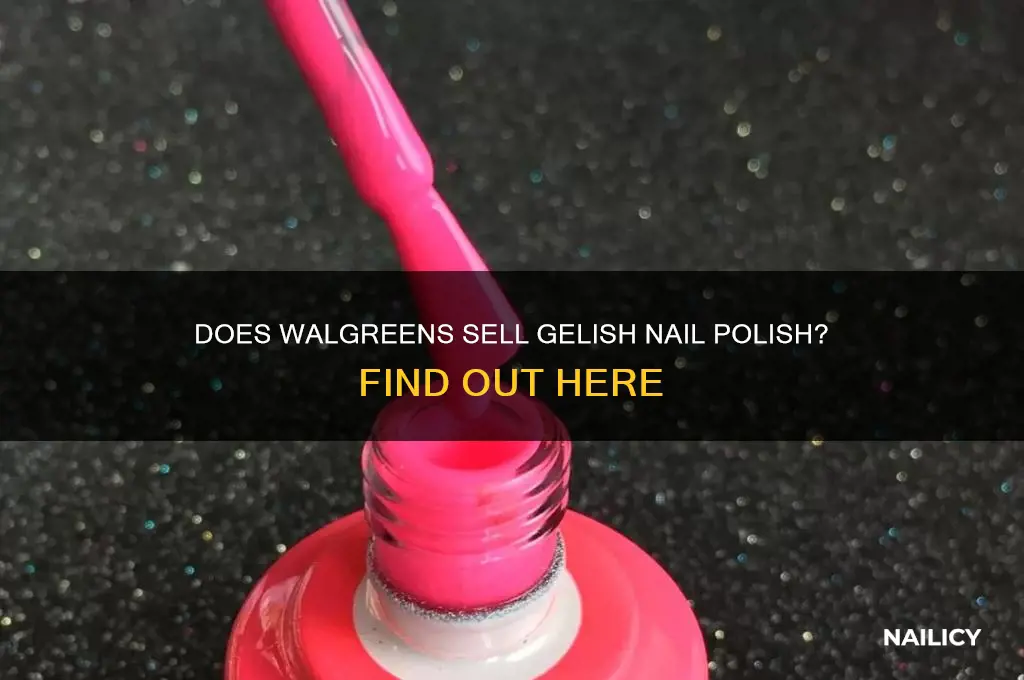 does walgreens carry gelish nail polish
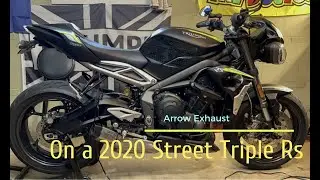 Arrow Exhaust (2020 street triple rs)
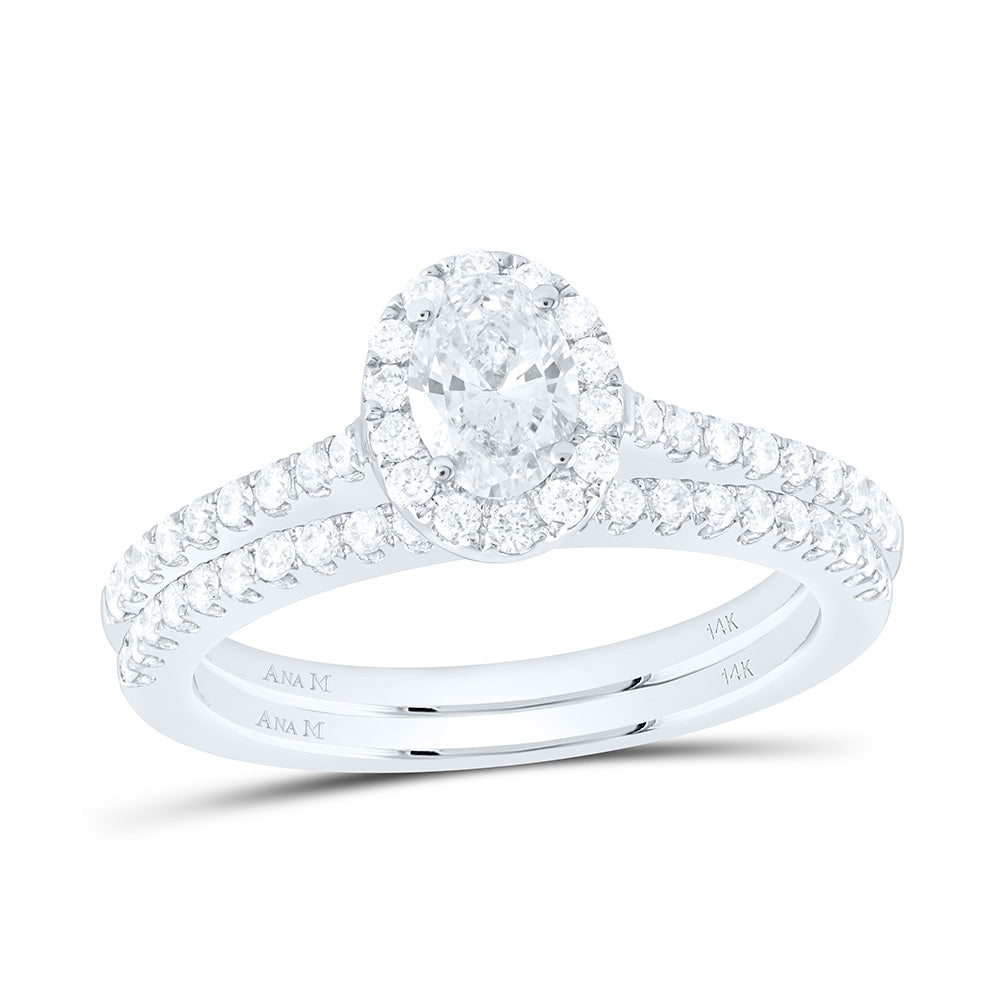 1CTW-DIA ANA M 1/2CT-COVAL BRIDAL SETS SINGLE HALO 7 Daisy Joyeria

━━━━

● **Exercise aim**:
Only the lines from the one containing "Arrow Exhaust (2020 street triple rs)" to the end of the listing belong in the answer, exactly as they stand and with no pictures.

● **Result for this exercise**:
 Arrow Exhaust (2020 street triple rs)
 1CTW-DIA ANA M 1/2CT-COVAL BRIDAL SETS SINGLE HALO 7 Daisy Joyeria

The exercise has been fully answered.